Corpus welcomes Pacific Islander Visiting Fellow
This summer we are delighted to welcome Wanda Ieremia-Allan to College for six weeks in the role of Pacific Islander Visiting Fellow.
Wanda, a PhD candidate at the University of Otago, New Zealand, is spending her time at Corpus researching the historical legacy of 'O Le Sulu Samoa' missionary newspaper, the first newspaper to be published in Samoan Gagana language.
Wanda shares the story of what led her to Corpus and the valuable research she is carrying out as a Visiting Fellow.
“Talofa lava, malo le soifua maua ma le lagi e mama. A warm Pacific greeting to all, I am a PhD student in the Pacific Studies Programme in Te Tumu, the School of Māori, Pacific and Indigenous Studies at Otago University, Āotearoa New Zealand. I am a descendant of the Samoan villages of Sapapali'i, Safotulafai, Sāoluafata, Lalomanu, Vaie'e and Matautu-Falealili. I also acknowledge the Kiingitanga movement in Tainui Waikato, Kirikiriroa Hamilton, Āotearoa New Zealand, on whose lands my family presently resides.
I am very grateful to be the recipient of the Pacific Island Visiting Fellowship at Corpus Christi for 2023 and I’m thrilled to be here. I applied for the Fellowship because I could not pass up the opportunity to travel to the European metropolitan areas where early extant Indigenous Pacific textual archives were relocated to by the London Missionary Society over the 19th and 20th centuries.
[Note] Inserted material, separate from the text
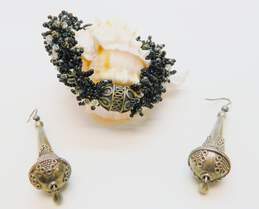Artisan 925 Bali Style Circles & Granulated Cone Orb & Teardrop Drop Earrings & Black Crystal Star & Stamped Beaded Toggle Bracelet 56.7g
My research focuses on the Pacific Indigenous writing produced under the London Missionary Society Samoan church in the Samoan Gagana (language) church newspaper titled 'O le Sulu Samoa'. First published in 1839, 'O le Sulu Samoa' is Samoa's first newspaper and one of the Pacific's earliest regional newspapers that fostered a dynamic cosmopolitan readership amongst a well-travelled multilingual Pacific populace.
Pacific students who were educated at the Samoan seminary school, the Malua Institute, utilised Samoan as the language of instruction across the South Seas London Missionary School network, resulting in the newspaper becoming unrivalled in terms of circulation and readership in the late 19th and early 20th centuries.
The paper was reprised in the 1860s after a 14-year hiatus while Indigenous Pacific teachers and European missionaries focused on building seminaries, translating the bible and establishing printing houses. It remains in circulation today and I am enjoying collating and engaging with extant issues that have been found in archives around the world including a significant number in the UK archives.
Despite being envisaged as a colonial instrument, the newspaper became an Indigenous Pacific site of resistance, ideological tension and celebration. The language became a refuge from the surveilling colonial and church authorities.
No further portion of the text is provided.